Can Spark be a good solution to load csv,xml data from filesystem(local FS and not HDFS) and insert/update data in MySQL.?
As per my knowledge on Spark, its mostly used in opposite scenario where data is taken up from MySQL to perform analysis.
If not, what other technology/solution can perform better for this use case ?
Thanks in advance.
Hive table with ACID property enabled table will work good for your use case. Also with the help of Merge update you will be able to perform these inserts/updates easily. In typing data warehousing implementing SCD type 2 tables are performed easily with the help of Merge update function in hive.
To answer whether spark in terms of insert/updates you can complex computation with much ease. But when it comes to updating the existing record its better to go with Hive than spark. Hope it Helps!!
Thanks @Bala Vignesh N V for prompt response.

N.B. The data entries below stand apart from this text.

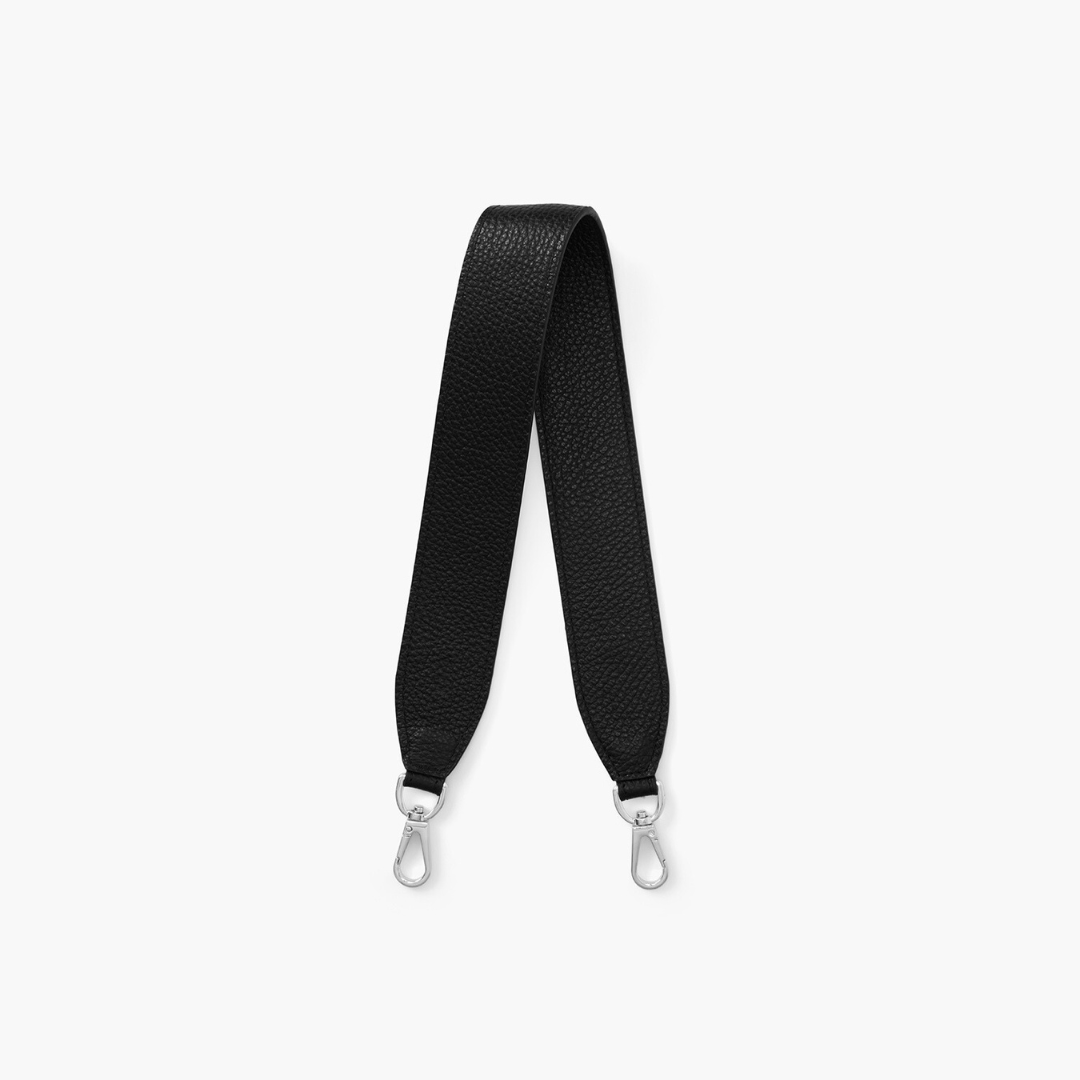 Cross body strap in leather Black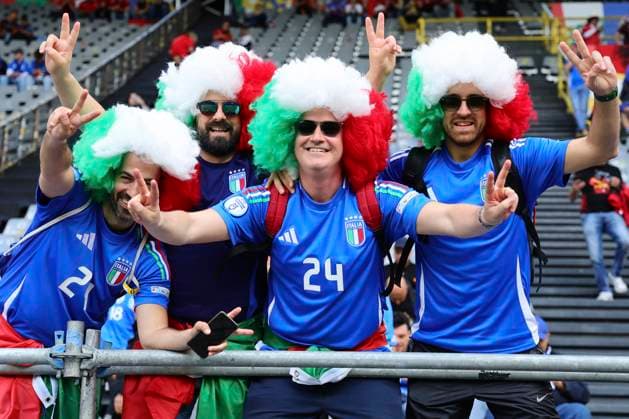 Italian fans cheer on prior to the Euro 2024 Group Stage B football match between Italy and Albania at BVB Stadium in Dortmund (Germany), June 15th, 2024. cesarexpurini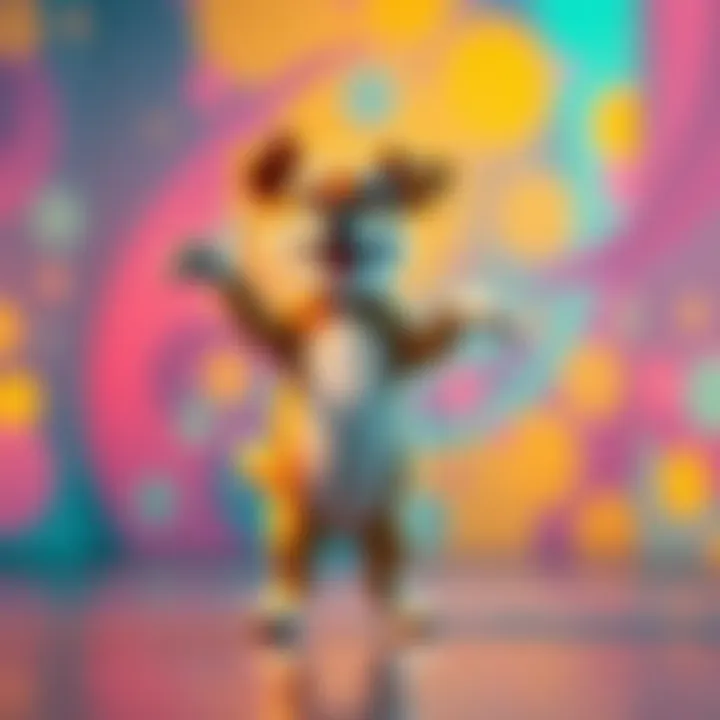 A cartoon-style dog dancing with a colorful background, representing the popular meme trend.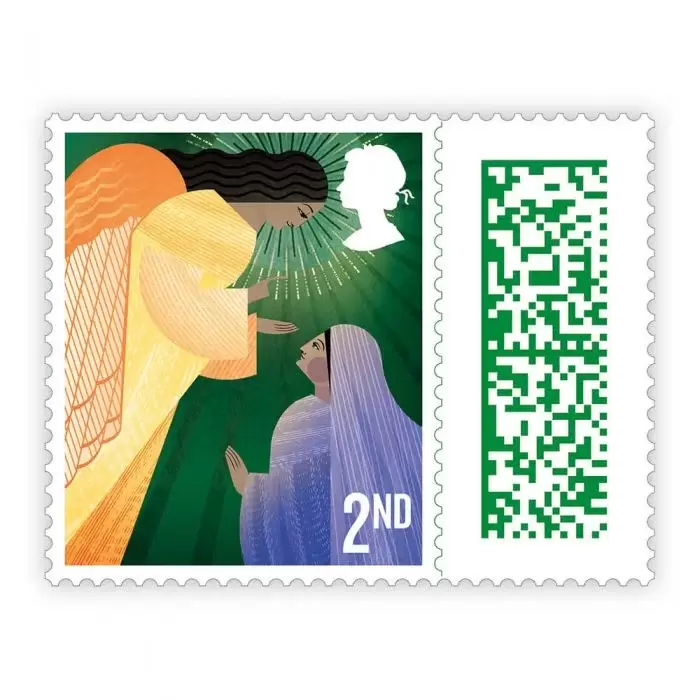 Royal Mail stamp showing the angel appearing to Mary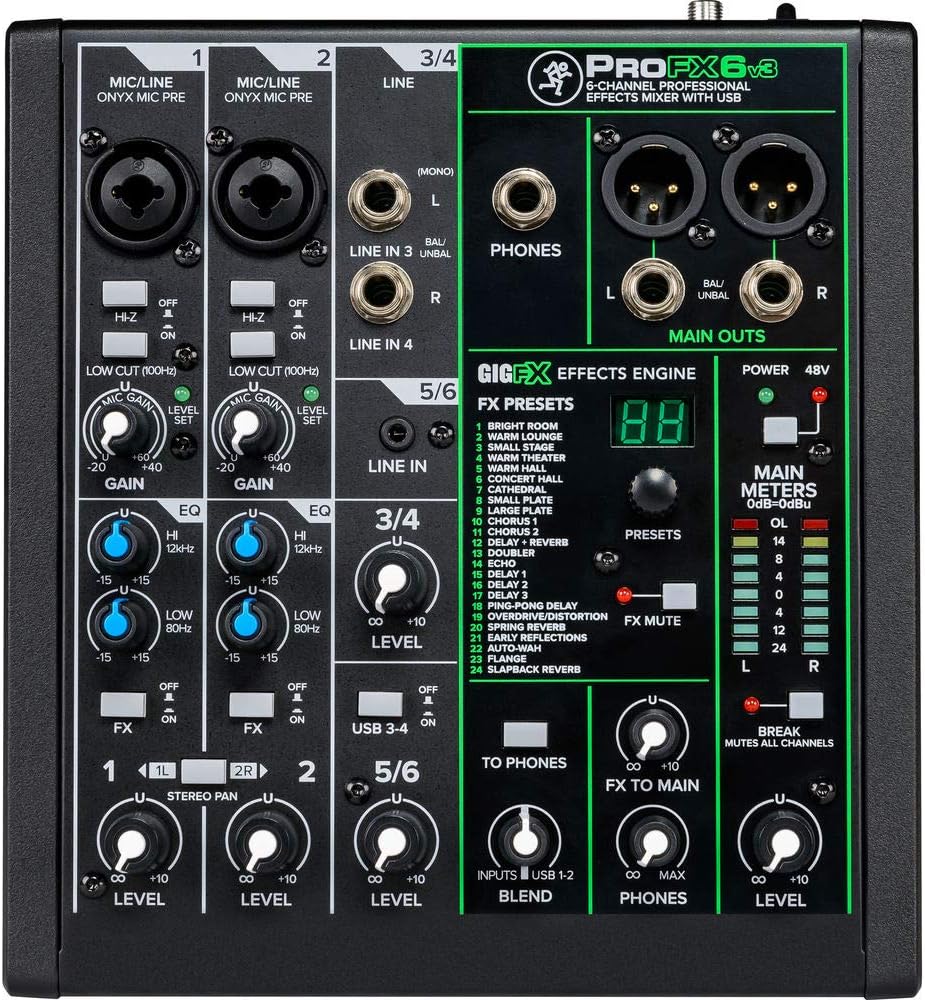 Mackie ProFX6v3, Professional Effects Mixer with USB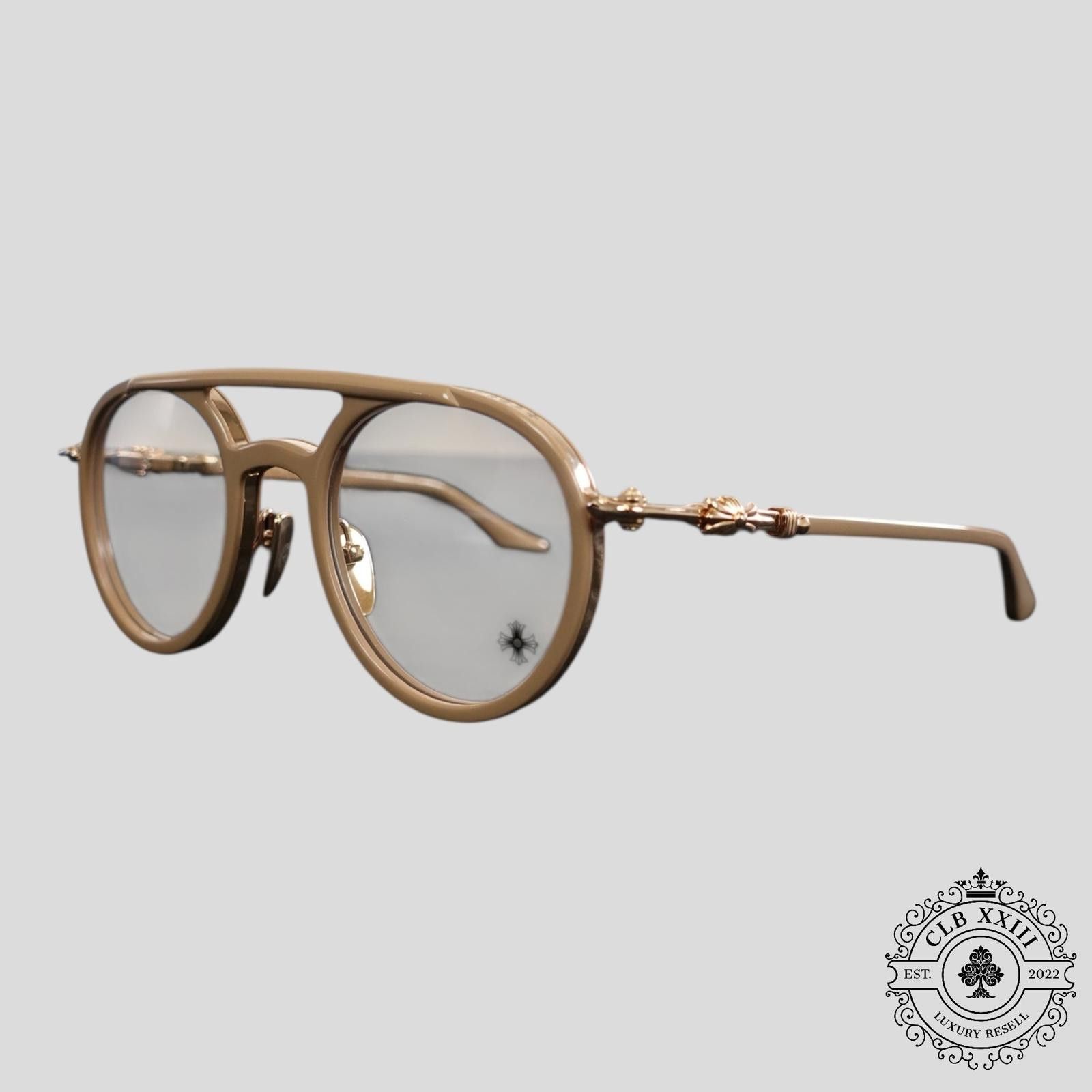 Chrome Hearts Chrome Hearts Loveboat Glasses in Beige Size ONE SIZE - 1 Thumbnail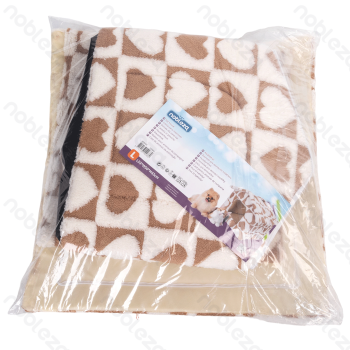 Printed fleece heart jacquard pet house L L53*W50*H43CM Coffee white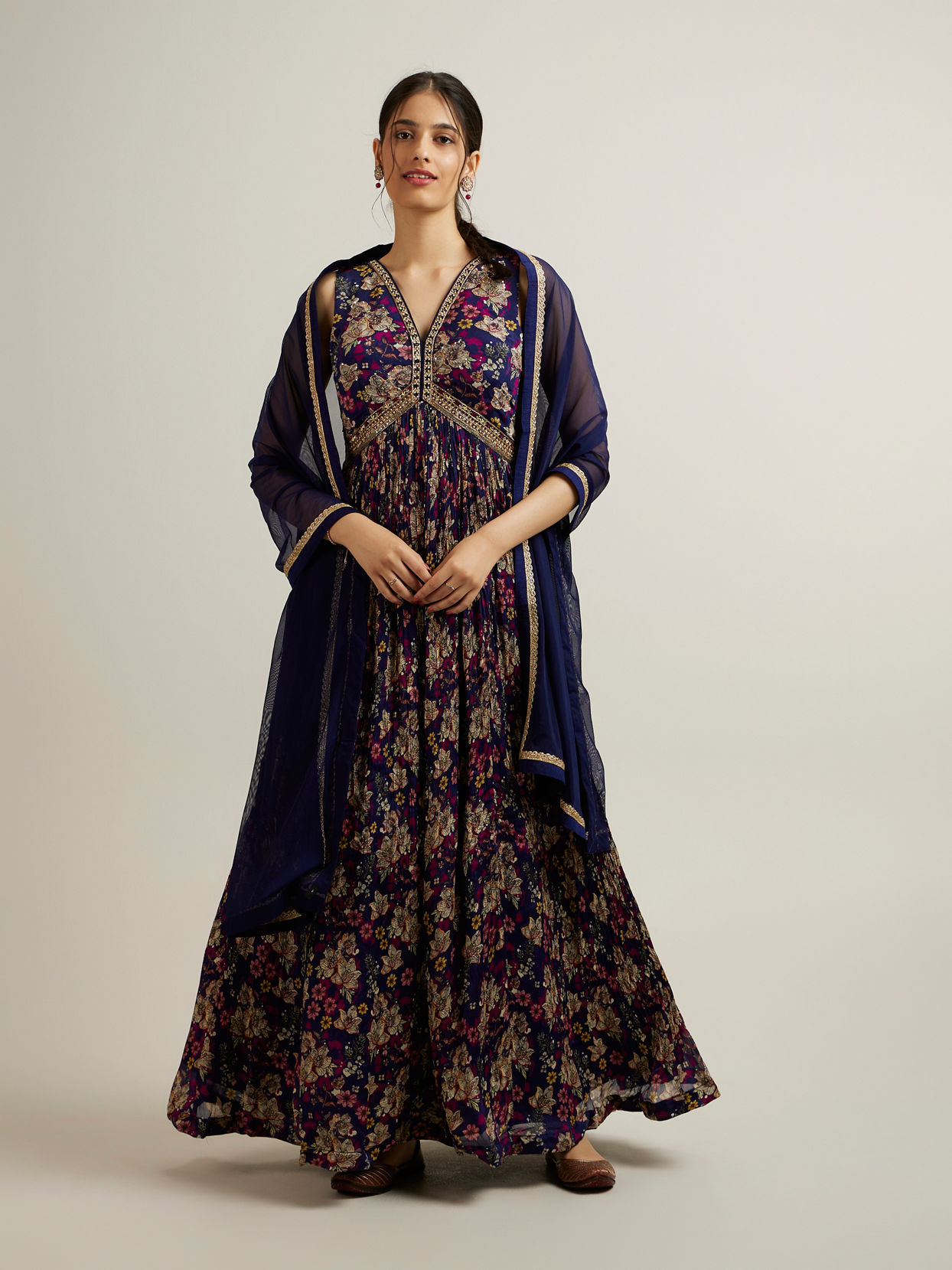 Mohey Women Indigo Blue Chinon with Hand Embroidery Anarkali Suit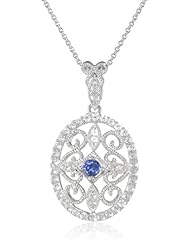 Sterling Silver Round Created Blue Ceylon Sapphire with Created White Sapphire Pendant Necklace, 18"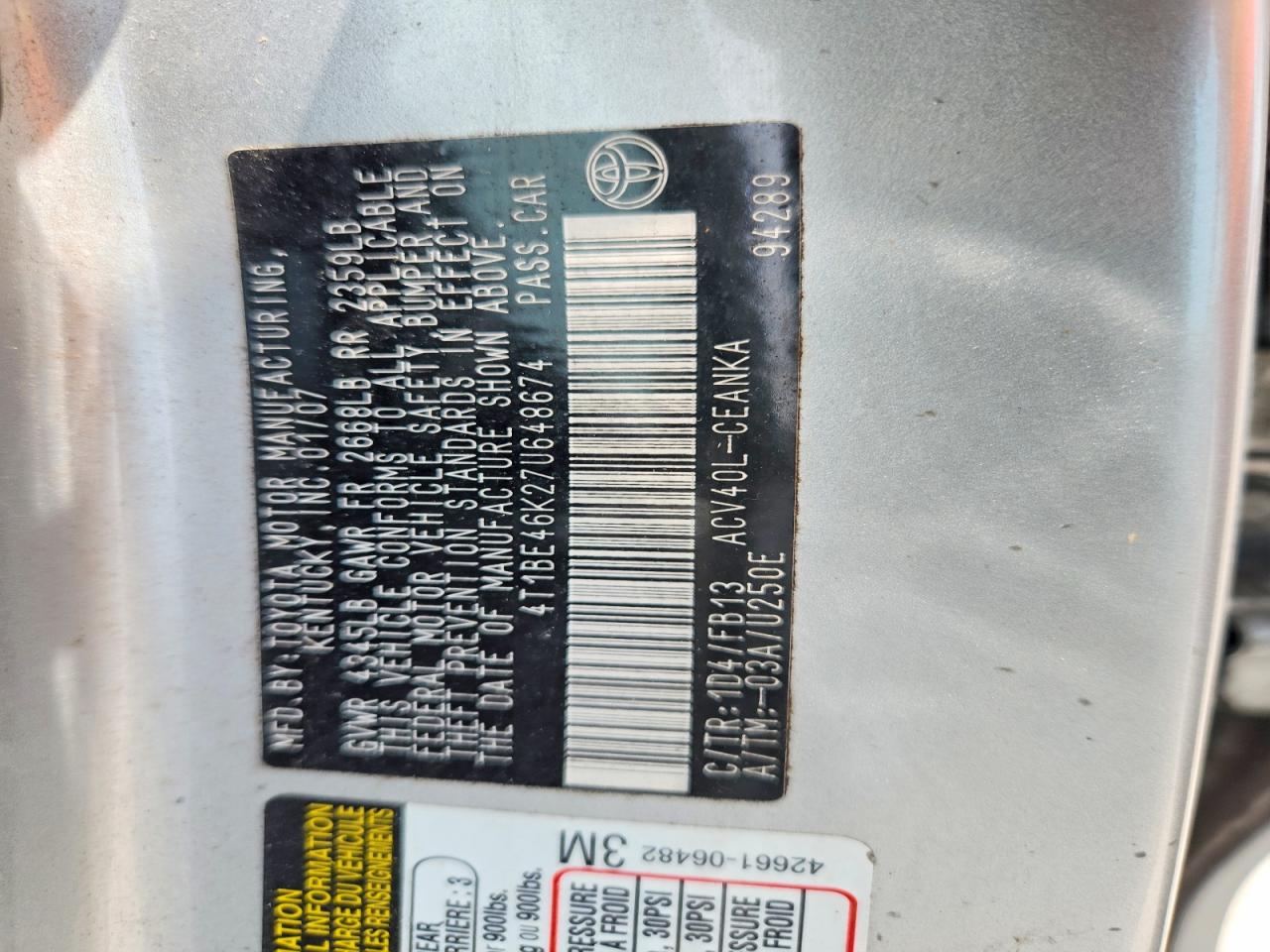 2007 Toyota Camry Le Silver vin: 4T1BE46K27U648674
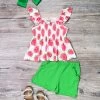 Sydney So Sweet Strawberry Cute Green Flutter Sleeve Girls Shorts Outfit
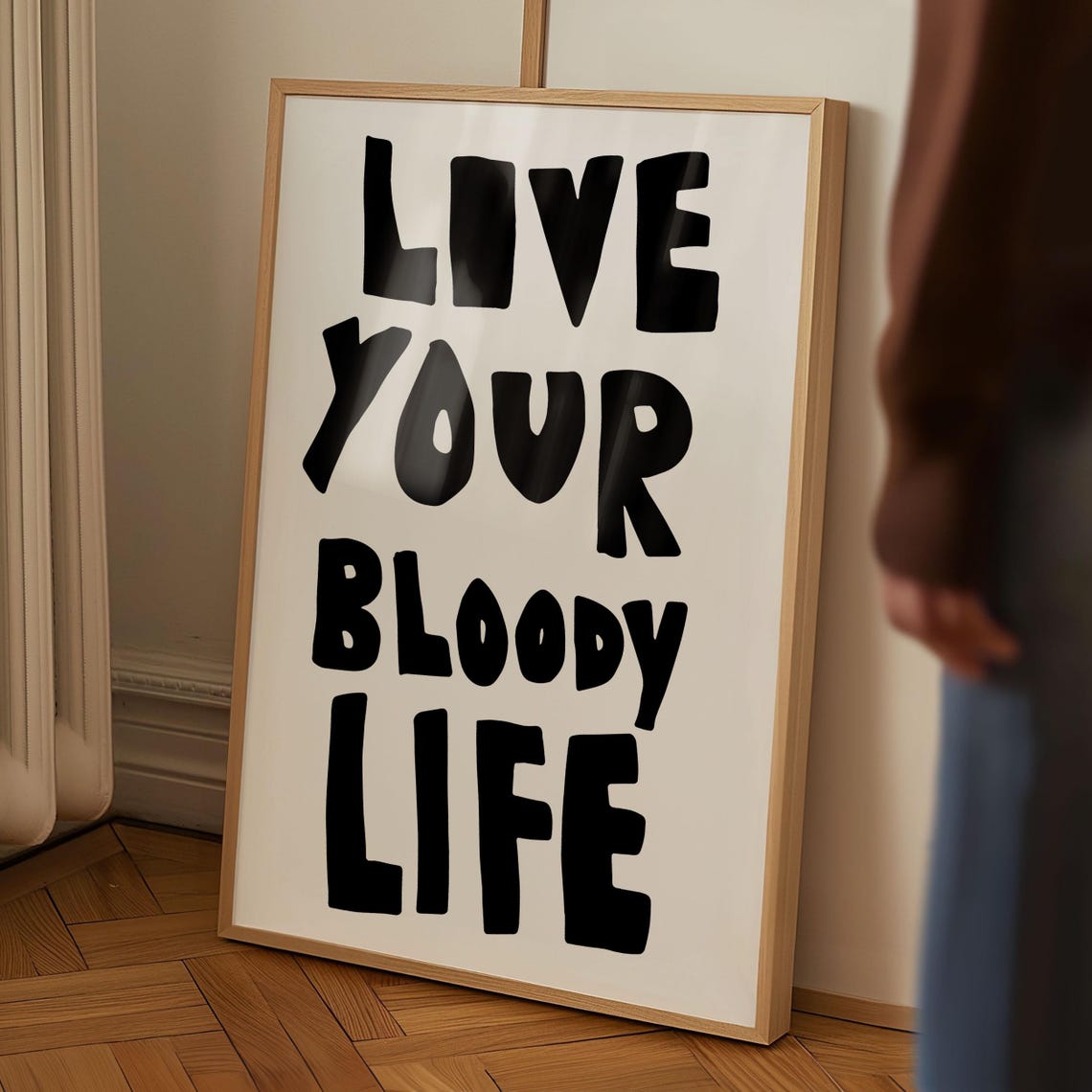 Live Your Bloody Life Black Bold Retro Chunky Lettering Quote Poster - Image 2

Actually, the database MySQL won't be replaced as of now.
Hence, need options to use basically a integrator that would pull files from ftp and push (UPSERT) data into MySQL tables post few transformations.
Understanding the problem statement here, you just have small files on the local file system and do not want to use any HDFS layer in here. Spark can, but may be an over kill for this scenario.
You can start with basic java jdbc code to get this task accomplished. However, you have Apache NiFi within the HDF stack that can easily solve this problem for you.
You can simply design a dataflow that will monitor for new files into your SFTP location, pull those files to NiFi as soon as they land, optionally parse them/apply some transformations, perform a mysql operation.
You can use this as a reference.
Additionally, NiFi can also be used as a powerful MySQL CDC options. You can see more details on this 3 part article.
Thanks @Arun A K for this response.
Was not much aware about how NiFi would fit this use case. Will surely follow articles and try to implement.
So, can we say that for this use case NiFi wins over Spark when it comes to performance since we have to pull files, transform some data and then insert/update that data in MySQL ?
We would not make a performance comparison of Spark and NiFi in here for this usecase since we aren't talking even running into a cluster. Since the data volume is low and processing is finite, I would prefer NiFi to be used since the entire life cycle gets reduced. + it is UI driven.
Architecture wise it is not a good option as spark is distributed processing framework (running on multiple nodes) and spark writing to MYSQL on a single node will create performance bottleneck as MYSQL is not distributed.If you want to make full use of Sparks distributed processing capability then it is advisable to use either distributed file system or distributed database.